**ASSIGNMENT:**
Below is a listing with pictures in it; transcribe exactly the lines from the one that has "Cool, have fun" through the one that has "HTTP_HOST again is", and omit those pictures.

**MATERIAL SUPPLIED:**

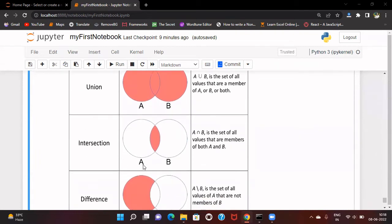Whereas in intersection, we are only taking the common elements which are common between these two sets. The elements should be present in A as well as in B. The highlighted area in the Venn diagram is the area of intersection.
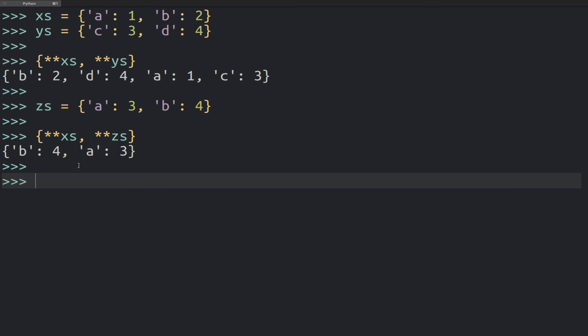Cool, have fun with that and enjoy merging dictionaries with this shorthand.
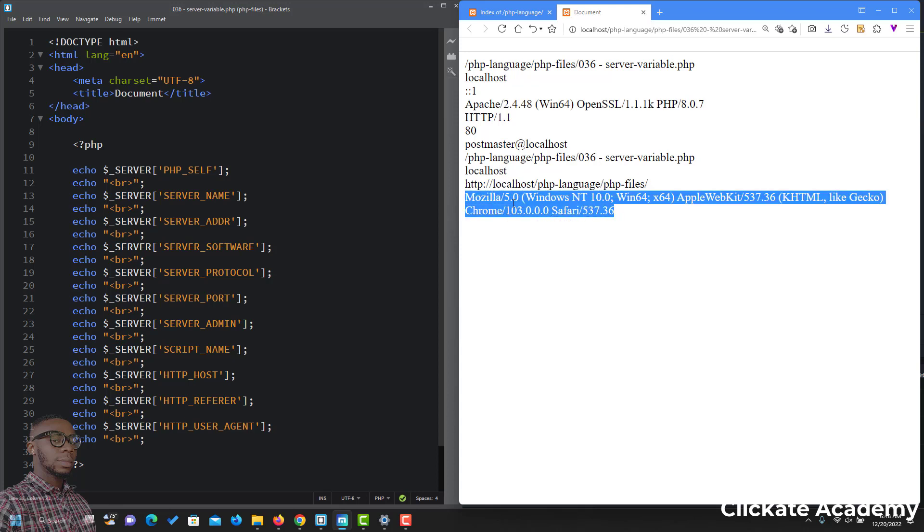HTTP_HOST again is localhost. The referrer, this is the referrer. And the HTTP_USER_AGENT is this Mozilla 5.0 Chrome, this is your browser. So guys, this is it on PHP superglobals, specifically the PHP $_SERVER superglobal variable. We'll see in the next one.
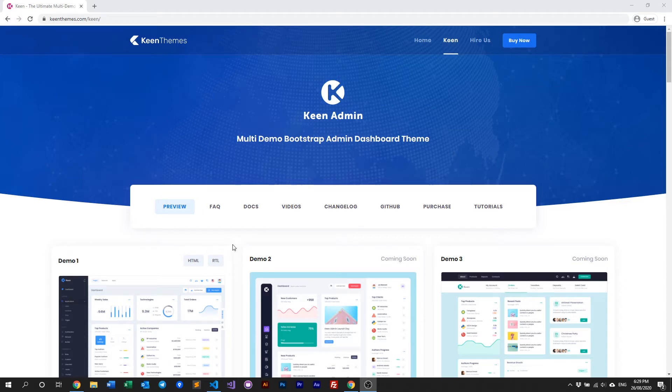Hello everyone, welcome back to another video of Keen. In this video we'll be discussing Keen's Webpack build tools and how you can customize it for your project.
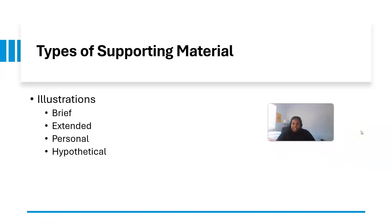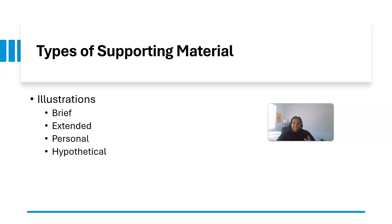Let's review the types of supporting material. There are different illustrations: brief, extended, personal, and hypotheticals. A brief illustration is the stat or fact you mention in passing — 'according to such and such,' then the stat. An extended example is a story based on that stat — a testimonial, a longer quote, or a personal anecdote or narrative connected to your speech topic. You can also provide a hypothetical question or scenario, which connects the audience to the topic you're talking about.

**SOLUTION:**
Cool, have fun with that and enjoy merging dictionaries with this shorthand.
HTTP_HOST again is localhost. The referrer, this is the referrer. And the HTTP_USER_AGENT is this Mozilla 5.0 Chrome, this is your browser. So guys, this is it on PHP superglobals, specifically the PHP $_SERVER superglobal variable. We'll see in the next one.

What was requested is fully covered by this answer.